Tony Vagneur: Saddle Sore
The Aspen Times
Aspen, CO, Colorado
In the days when McCulloch Oil owned much of the Hunter Creek Valley, memories of Lamech sheep bands wandering the valley floor and Jenny Adair’s entrepreneurial sawmill weren’t so distant as to be indistinguishable from the “olden” days. Van Horn Park was summer home to cattle herds from Woody Creek, Brush Creek, Starwood (Trentaz) and points in between.
A group of us, hooked to McCulloch Oil in one form or another, scored the key to the locked gate and gained permission to spend the weekend in the old cabin not far up the valley. It wasn’t any spur-of-the-moment camping trip, for we were going first class, at least for the times. A couple of the boys brought along a cooler full of crappie and bass, we rounded up some steaks, potatoes, corn on the cob, and naturally, brought along enough beer and whiskey to float a solar-energy-company loan. Someone had the brilliant idea that we should cook a goose, literally, and Joe “No Problem” Candreia’s name came up as the obvious source of such a fowl.
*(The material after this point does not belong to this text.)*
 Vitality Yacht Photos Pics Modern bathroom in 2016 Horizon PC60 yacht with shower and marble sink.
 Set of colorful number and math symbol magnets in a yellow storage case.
Joe lived at Buttermilk (before Bumps Restaurant) in an upstairs apartment over the ski shop with a blue-haired woman who no doubt was a lot of fun, but who had a tongue sharper than a barber’s straight razor, at least when she was talking to Joe, which seemed to be most of the time. His reply was the toothless and usual, “No problem,” softened by a plug of tobacco in one cheek or the other and a tongue habitually numbed by alcoholic libations. In addition to being a Ski Corp. mechanic, Joe was considered to be the night watchman and as such, entitled to live about any way he pleased, which meant raising chickens, ducks and geese on the roof above the ski shop. Joe wasn’t sure he wanted to see the goose leave home, but for $5 and a bottle of hooch, the deal was struck.
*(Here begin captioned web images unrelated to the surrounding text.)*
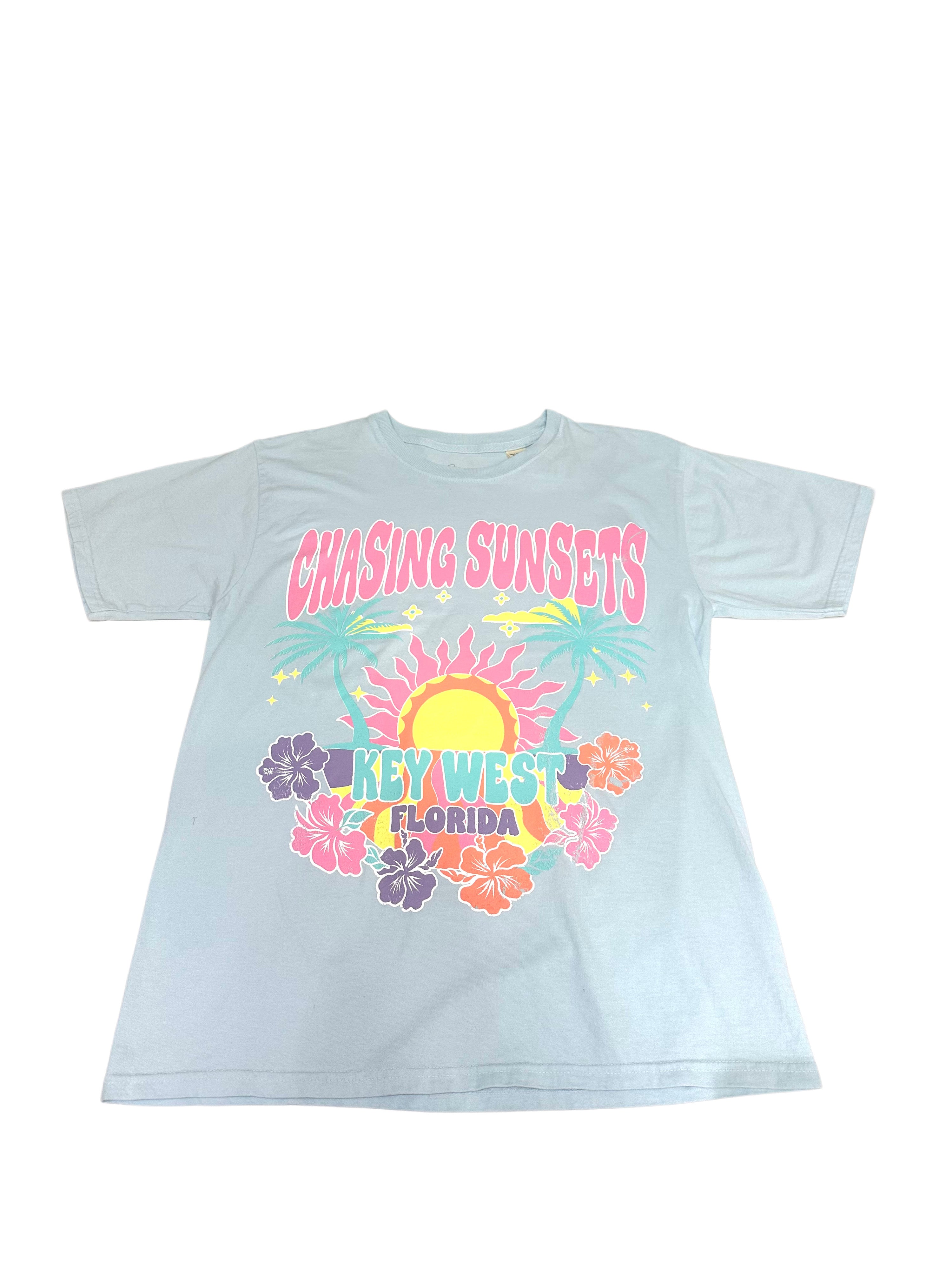 Shaddow and Fish Chasing Sunsets Key West short sleeve tee in powder blue — sunset graphic tee at Shaddow & Fish boutique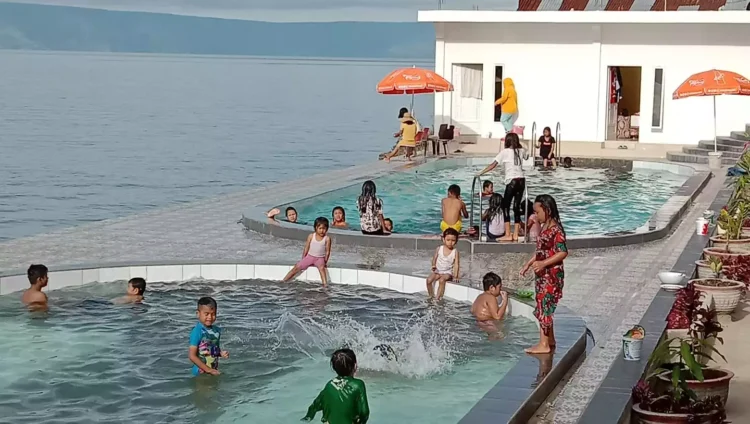 Pantai batu hoda tigaras spot wisata hangat bersama keluarga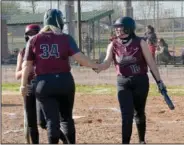  ??  ?? Siloam Springs senior Micah Curry (34) greets Hilarie Buffington (left) and Maggie Torres after they scored runs in the first inning Siloam Springs defeated Providence 15-4 in five innings.
(NWA Democrat-Gazette/Graham Thomas)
We left work early on a Friday afternoon, loaded our gear into a brand-new Dodge pickup truck, including the gawking goose, and followed it all in an open-topped Jeep, about a 1952 vintage, stocked with fishing gear and other accoutrement that likely could have been left at home.
Deep-fried fish, the first I’d ever had, was great on top of about a case of beer, and we finally got around to dressing out the goose. I guess the idea was to cook it and let it sit overnight, ready for a lunch-time feast the next day. More savvy cooks than I lowered it into the deep fryer, and the last I remember hearing was, “Somebody wake me at midnight to check on the bird.” To coin a phrase, “No problem.”
About 3 a.m., I heard a commotion and one of the cooks running outside, yelling, “The goose, the goose!” Upon inspection, it wasn’t a total loss, but what the difference was, I couldn’t say. It was a tragedy, there’s no doubt, and we felt bad about it all weekend. Still do, as a matter of fact.
That was in the early 1970s. The man many of you knew as “No Problem Joe,” the man for whom No Problem Bridge (Neale Street) is named, had something else to say to the rest of us (every time we saw him) after we explained what we’d done to the goose. Like a little kid, his eyes would tear up, and he’d let his face contort into a sad expression, and he’d say, in that inimitable way he had, “Go away. You ruined my goose.”
I thought he might never get over it and would hold a grudge forever, but sometime in the early ’90s, not too long before he died, he invited my uncle and me into his house to share in an after-breakfast snort. He took a big swig off a tabletop bottle, passed it to my uncle and then elbowed me in the ribs with a teasing smile, “You’re the sumbitch who cooked my goose. No problem.”